Remercions l’abbé Tranquillo de poser ces intéressantes questions et de nous fournir des éléments de réflexion pour y répondre. Remercions-le notamment du ton serein de ses analyses, et espérons que ses contradicteurs, car il en aura sûrement, répondront sur le même ton.
[1] — Courrier de Rome, B.P. 10156 - 78001 Versailles cedex ; courrierderome@wanadoo.fr - Site : www.courrierderome.org. Les numéros du Courrier de Rome sont disponibles gratuitement en format pdf sur le site.

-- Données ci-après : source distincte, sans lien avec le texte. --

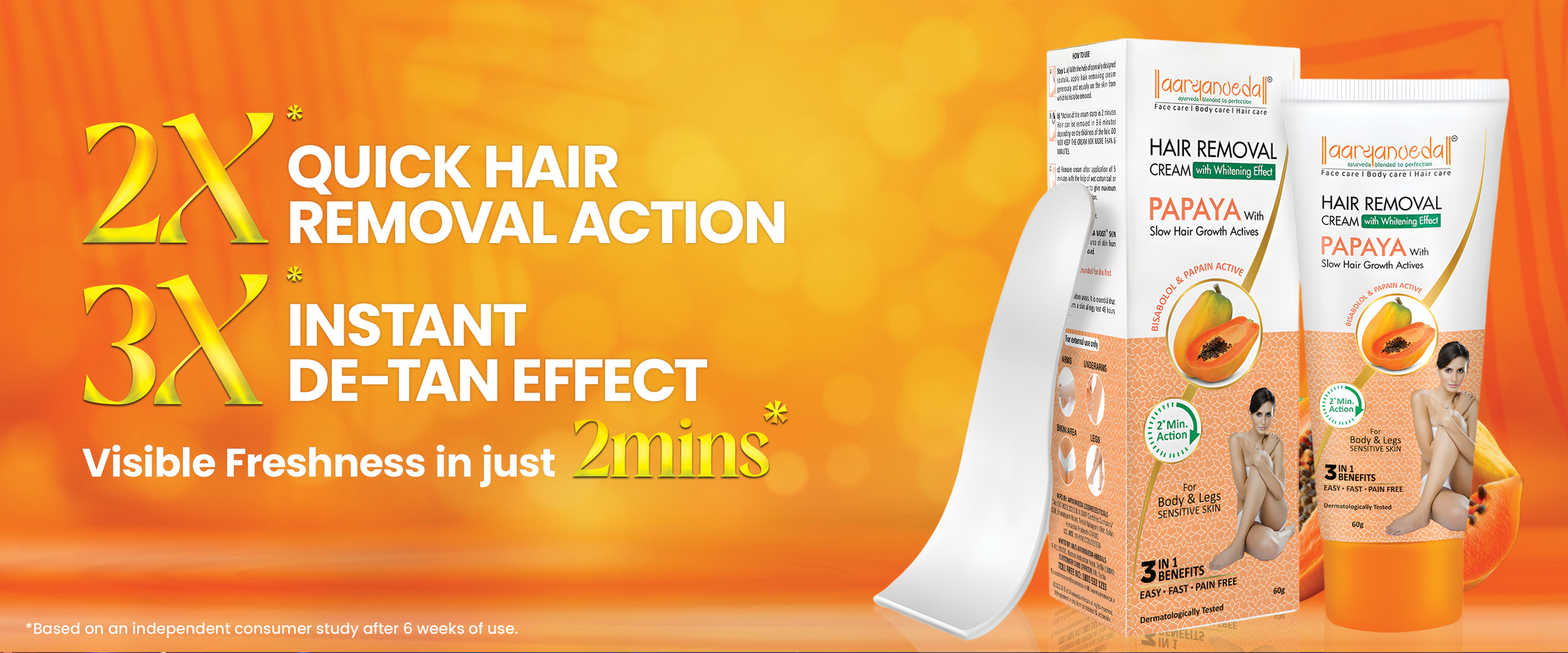 Hair Removal Cream Papaya with Slow Hair Growth Actives -60 gm each  ( Pack Of  5 )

[2] — Le père Garrigou-Lagrange, s’appuyant sur Billuart, explique que ce qui est impossible dans le cas d’une tête physique est possible (tout en étant anormal) pour une tête morale secondaire. (Voir Le Sel de la terre 79, hiver 2011-2012, p. 41.)
[3] — Voir Le Sel de la terre 79, hiver 2011-2012, p. 40-41 : « Selon l’opinion plus commune, le Christ, par une providence particulière, pour le bien commun et la tranquillité de l’Église, continue de donner juridiction à un pontife même manifestement hérétique, jusqu’à ce qu’il soit déclaré hérétique manifeste par l’Église » (Billuart, De Fide, diss. V, a. III, § 3, obj. 2).
[4] — Voir « Le magistère conciliaire a-t-il quelque degré d’autorité ? » dans Le Sel de la terre 60 et « Infaillibilité des canonisations et des lois universelles » dans Le Sel de la terre 72.